Um, you miss that the problem is that under a system of open access, resources get over-used, which is in no one’s interest. Take for example open-access fisheries. If the cost of getting the fish is low relative to what the fish can be sold for, then under open-access arrangements the fishery will be over-fished, and the fish can even go extinct. The over-fishing means that people invest capital and labour in endeavours to get to the fish first, before some other fishing vessel grabs them. This is bad both for the capitalists who lose out in the arms race in that they spend money on the fishing vessel that gets there second, and for the workers, who wind up risking life and limb doing things like going out in bad weather.
Then if the fishery collapses, the capital and labour invested is lost, and people also get less fish to eat.

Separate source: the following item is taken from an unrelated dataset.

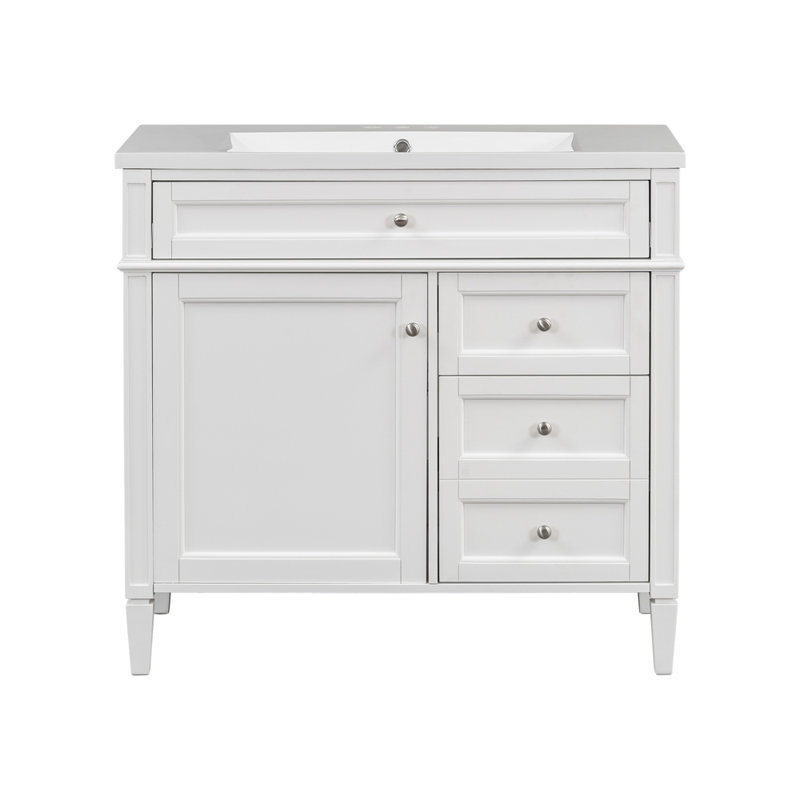 Meuble-lavabo 36 po avec lavabo supérieur, Blanc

This has happened, eg the cod fishery in Newfoundland, Canada.
These bad results can happen even if the preferences of everyone, rich and poor alike, are for the fishery to stay open producing an ongoing stream of fishing. (Of course, if there are some piscogynists out there, they probably regard fish extinction as a happy outcome, but that’s an uncommon preference).
Economists favour privatising property where possible because the goal is to improve efficiency for everyone.
MikeP
Feb 20 2011 at 10:17am
why economics was called the “dismal science.”
John Hodgman knows the answer…
david
Feb 20 2011 at 11:53am
@Tracy W
Yes. You may notice that limiting overuse is also possible via other means, like cap-and-trade or taxing use, or blunt application of regulatory prohibition against certain uses. Some of these solutions are better than others at avoiding the distributional issues I mentioned, on which your analysis is silent.
Tracy W
Feb 21 2011 at 4:17am
David – I am rather surprised that you say that I didn’t mention distributional issues. I thought I did, extensively (for a blog comment). I pointed out all the ways in which open-access fishery harms capital, labour and consumers. I also mentioned that some people might regard fishery collapsing as a good thing, but that this was uncommon (I’ve never come across anyone who argued that all fish should go extinct, but I mentioned it as a possibility anyway for completeness).
As for your other suggestions:
Cap-and-trade – this is privatisation – create a property right and let people trade it.
Taxing use – how is this better at avoiding distributional issues? And of course, if the taxes are partially avoidable, people will spend some effort avoiding the tax, which wastes resources.
Regulatory prohibitions – I was at first surprised that you thought this was a better way of avoiding distributional issues, because regulations tend to favour the rich and large companies that can afford to devote overhead to complying with regulations, and tend to be better politically-connected, while from your earlier comment you appear to be worried about privatisation over-reflecting the preferences of the rich. But on re-reading, I see that you didn’t claim that all of the issues you mentioned address distributional issues, I’m guessing you were just trying to sneak this one in under the radar. Of course, if there’s a way that regulatory prohibitions does do a better job at avoiding the distributional issues you raise, please tell me. (And remember we’re talking about real-world political systems here, where governments sometimes do thinkgs that are not in the national good).